From the first line of the records down to the one that holds "Wana, WV Map of Drug-Related Crime Rates", transcribe each line exactly and add nothing.

━━━ DATA FOR THIS EXERCISE ━━━

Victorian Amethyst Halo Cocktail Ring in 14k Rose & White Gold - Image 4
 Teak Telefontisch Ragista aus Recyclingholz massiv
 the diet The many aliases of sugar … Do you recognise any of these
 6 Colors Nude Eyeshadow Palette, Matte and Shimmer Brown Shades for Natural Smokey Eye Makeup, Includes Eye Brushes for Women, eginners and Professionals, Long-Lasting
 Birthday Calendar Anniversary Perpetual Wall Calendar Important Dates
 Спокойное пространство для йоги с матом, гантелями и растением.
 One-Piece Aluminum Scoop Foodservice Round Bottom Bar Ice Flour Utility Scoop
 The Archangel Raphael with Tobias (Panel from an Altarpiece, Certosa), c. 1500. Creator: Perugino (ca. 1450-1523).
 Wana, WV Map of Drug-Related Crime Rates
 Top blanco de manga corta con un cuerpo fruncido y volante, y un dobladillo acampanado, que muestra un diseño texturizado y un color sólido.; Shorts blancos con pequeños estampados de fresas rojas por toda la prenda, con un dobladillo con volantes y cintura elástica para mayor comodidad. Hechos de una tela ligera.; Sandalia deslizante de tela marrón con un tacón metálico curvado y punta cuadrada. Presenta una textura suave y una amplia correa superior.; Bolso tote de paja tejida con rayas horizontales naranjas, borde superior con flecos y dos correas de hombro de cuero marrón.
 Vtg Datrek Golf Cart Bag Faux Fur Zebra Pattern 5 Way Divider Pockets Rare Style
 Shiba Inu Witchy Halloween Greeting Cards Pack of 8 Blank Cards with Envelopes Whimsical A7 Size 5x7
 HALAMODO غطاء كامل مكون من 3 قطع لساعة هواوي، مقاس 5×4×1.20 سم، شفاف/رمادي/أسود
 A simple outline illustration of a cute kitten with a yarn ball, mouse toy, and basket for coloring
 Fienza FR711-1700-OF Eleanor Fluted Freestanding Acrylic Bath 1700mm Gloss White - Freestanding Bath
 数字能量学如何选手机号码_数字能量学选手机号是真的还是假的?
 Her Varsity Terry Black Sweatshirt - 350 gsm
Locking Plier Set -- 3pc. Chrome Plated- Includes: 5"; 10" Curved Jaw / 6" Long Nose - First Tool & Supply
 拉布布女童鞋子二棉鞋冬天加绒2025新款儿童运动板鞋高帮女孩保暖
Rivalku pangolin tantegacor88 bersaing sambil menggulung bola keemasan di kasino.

━━━

** RESPONSE FOR THIS EXERCISE **
Victorian Amethyst Halo Cocktail Ring in 14k Rose & White Gold - Image 4
 Teak Telefontisch Ragista aus Recyclingholz massiv
 the diet The many aliases of sugar … Do you recognise any of these
 6 Colors Nude Eyeshadow Palette, Matte and Shimmer Brown Shades for Natural Smokey Eye Makeup, Includes Eye Brushes for Women, eginners and Professionals, Long-Lasting
 Birthday Calendar Anniversary Perpetual Wall Calendar Important Dates
 Спокойное пространство для йоги с матом, гантелями и растением.
 One-Piece Aluminum Scoop Foodservice Round Bottom Bar Ice Flour Utility Scoop
 The Archangel Raphael with Tobias (Panel from an Altarpiece, Certosa), c. 1500. Creator: Perugino (ca. 1450-1523).
 Wana, WV Map of Drug-Related Crime Rates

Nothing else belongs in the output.